French carmaker Renault said on Monday it would sell its majority stake in Russian carmaker Avtovaz and a factory in Moscow to the state – the first major nationalization of a foreign company since the start of the war.

Maxim Sytch, professor of management and organizations at the University of Michigan’s Ross School of Business, said McDonald’s and others also face pressure from customers, employees and investors over their operations in Russia. .

“The era when companies could avoid taking a stand is over,” Sytch said. “People want to be associated with companies that do the right thing. There is much more to business __ and life __ than maximizing profit margins.

Russia’s first McDonald’s restaurant opened in central Moscow more than three decades ago, shortly after the fall of the Berlin Wall. It was a strong symbol of the easing of Cold War tensions between the United States and the Soviet Union, which would collapse in 1991.

Today, the company’s exit is symbolic of a new era, analysts say. Sytch, who lived in Russia when McDonald’s entered the market and remembers the excitement surrounding the opening, said the closure meant a reversal of the Soviet era of isolation.

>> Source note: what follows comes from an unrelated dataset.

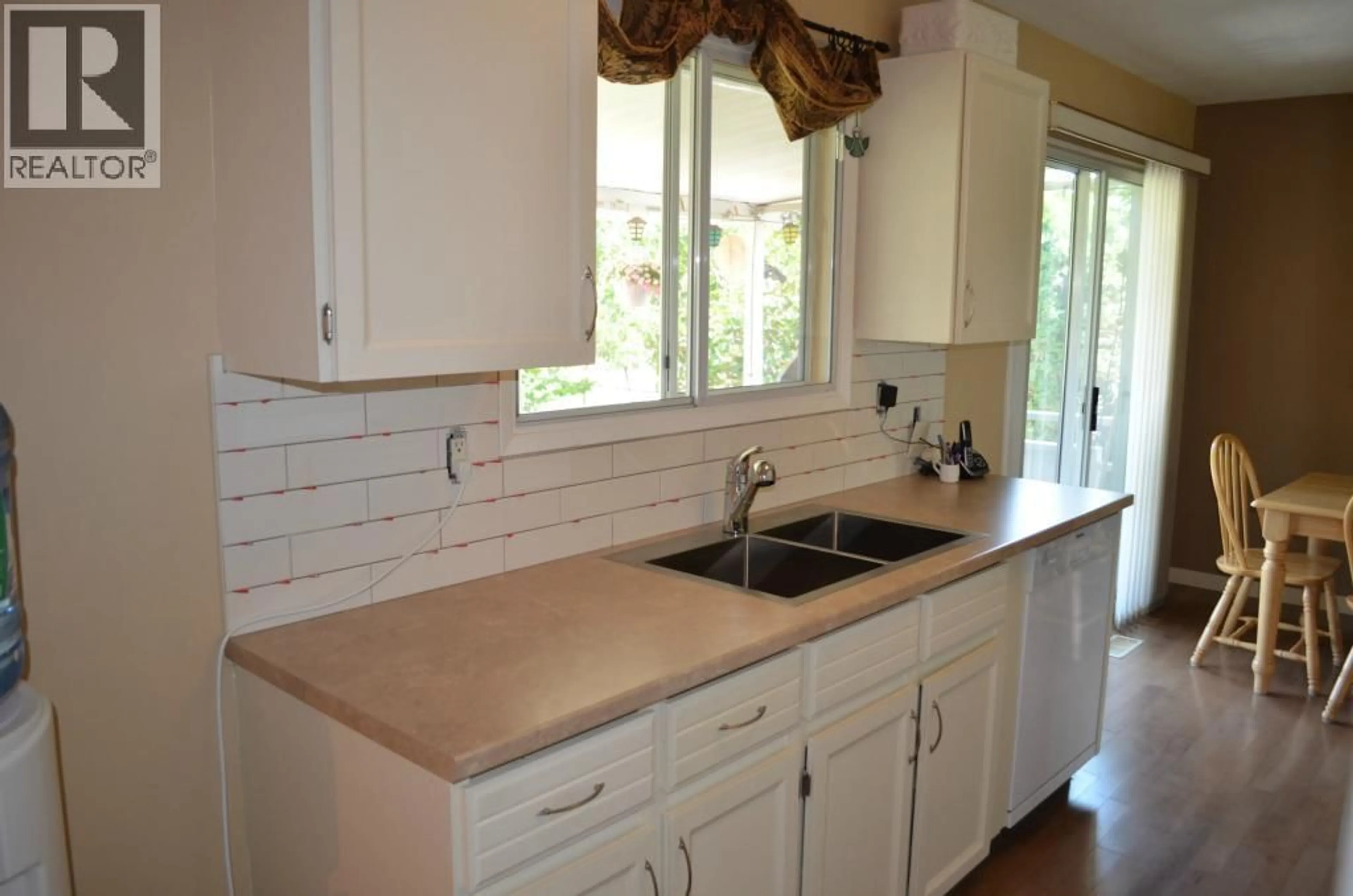 Standard kitchen, ceramic/tile floor for 565 DOUGALL ROAD SOUTH, Kelowna British Columbia V1X3K2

“It is truly painful to see the many years of gains on the democratic front wiped out with this atrocious war in Ukraine,” he said.

Kempczinski left open the possibility that McDonald’s could one day return to the Russian market.

“It’s impossible to predict what the future holds, but I choose to end my message with the same spirit that brought McDonald’s to Russia: hope,” he wrote in his letter to employees. “So let’s not end by saying ‘goodbye’. Instead, let’s say it like they do in Russian: until we meet again. »

McDonald’s owns 84% ​​of its restaurants in Russia; the rest is operated by franchisees. Because it won’t license its brand, the selling price is unlikely to be close to the company’s pre-invasion value, said Neil Saunders, chief executive of analytics firm GlobalData. of business.

McDonald’s said it expected to take a profit charge of between $1.2 billion and $1.4 billion for leaving Russia.

McDonald’s has over 39,000 locations in over 100 countries. Most are owned by franchisees – only about 5% are company owned and operated.

McDonald’s said exiting Russia would not change its forecast to add 1,300 net restaurants this year, which will contribute about 1.5% to company-wide sales growth.

Last month, McDonald’s Corp. announced that it earned $1.1 billion in the first quarter, up from more than $1.5 billion a year earlier. Revenue was nearly $5.7 billion.

Shares of McDonald’s closed down $1 on Monday at $244.04.